Cloud performance issues can force workloads back on-premises and prevent some from getting to the cloud in the first place.

cloud computing / cloud network

An overwhelming majority of enterprises continue to move workloads from the cloud back to on-premises data centers, although it is a smaller percentage than before, according to IDG research.

A survey found that 71% of respondents expect to move all or some of their workloads currently running in public clouds back to private IT environments over the next two years. Only 13% expect to run all their workloads in the cloud, according to the survey sponsored by Supermicro.

In the past, those expecting to move workloads back from the cloud was as high as 85%, according to Natalya Yezhkova, research vice president in IDC’s enterprise infrastructure practice.

Reasons for repatriating workloads from cloud to on-premises include cost, performance, security, regulatory compliance, and control over IT infrastructure, she said, with the emphasis shifting over time. For example, a couple of years ago one of the main reasons for moving from the cloud was security. Since then, cloud providers have improved it, and enterprises have become more comfortable placing sensitive resources in the cloud.

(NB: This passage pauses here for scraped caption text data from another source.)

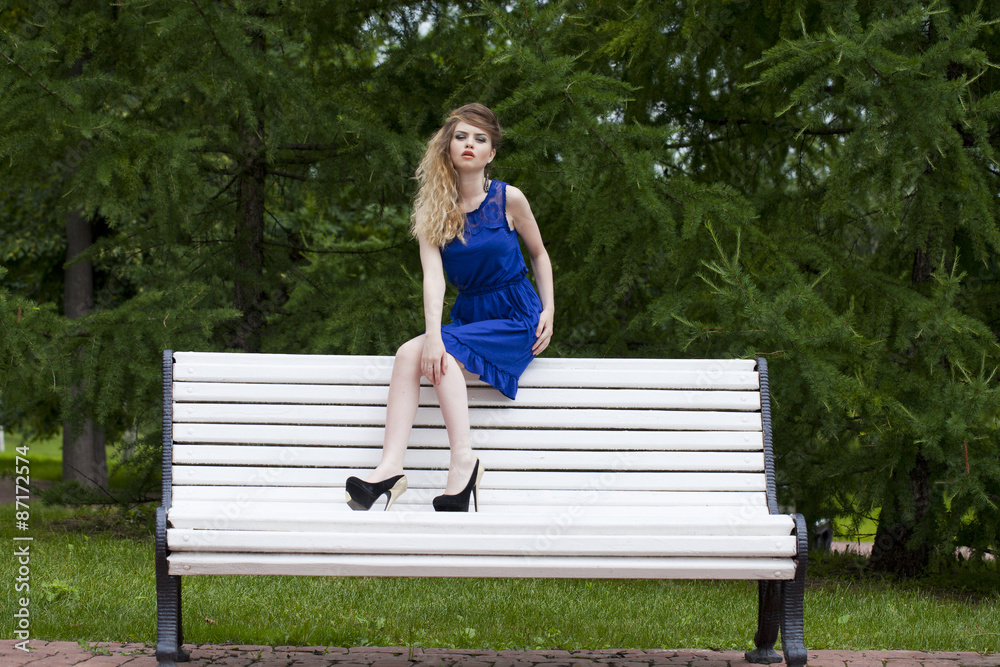 Beautiful blonde girl in blue dress sitting on a bench in summer Beautiful blonde girl in blue dress sitting on a bench in summer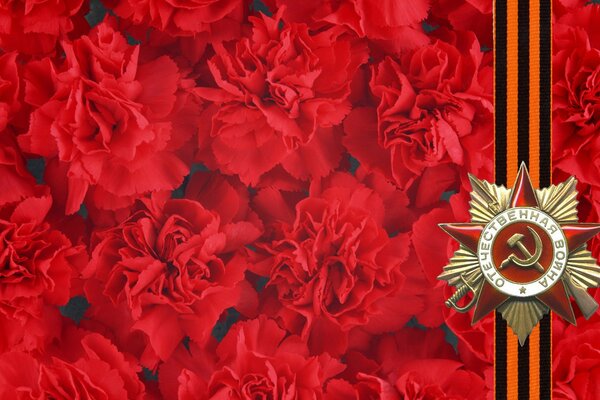 Victory Day postcard with St. George ribbon on a background of scarlet carnations
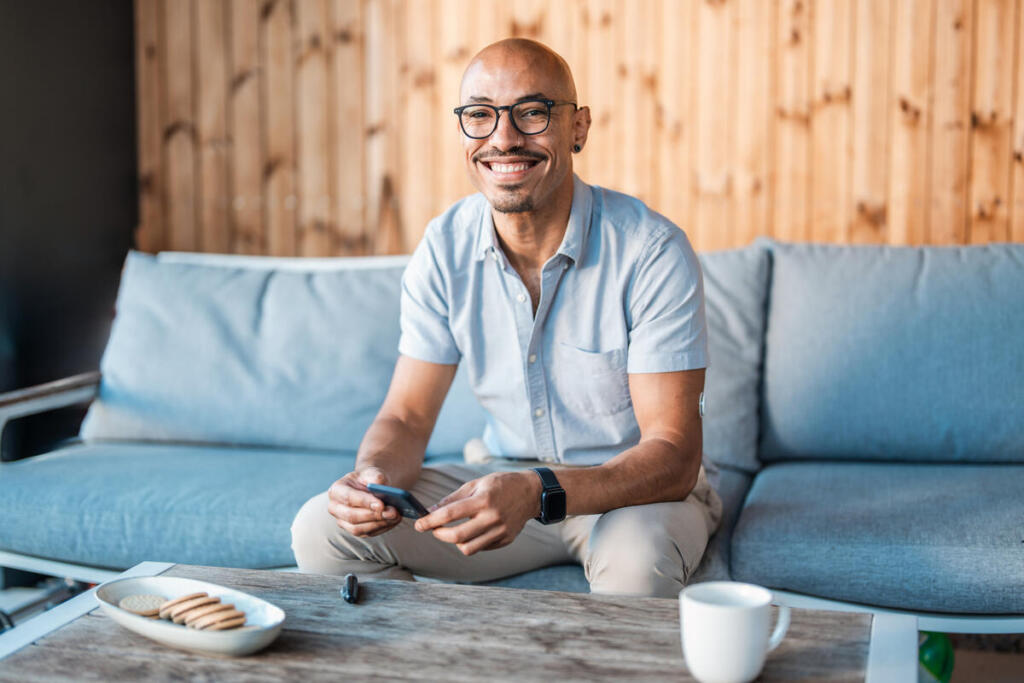 Adult male with type 1 diabetes sits on a couch to check his blood sugar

Other times repatriation was prompted by unexpected cost. For example, workloads may start small and incur modest costs, but as they increase, so do the costs, which enterprises might not have planned for. That could lead to dissatisfaction and moving those workloads back on-premises, she said.

Some workloads never make it to the cloud because performance isn’t good enough to support them. Companies may experiment with compute-intensive workloads like artificial intelligence and machine learning, but never fully deploy because cloud performance isn’t good enough, she said.

Line of business applications, like CRM, ERP, HR, and accounting have all proven to be cloud-friendly because they are not performance-intensive. Despite the challenges, high-performance cloud services like data warehousing and AI-as-a-service can still be a fit for certain organizations, she said.

An IDC estimate says that half of the spending on server and storage infrastructure in 2021 was driven by on-premises purchases, and they will grow to $77.5 billion in 2026.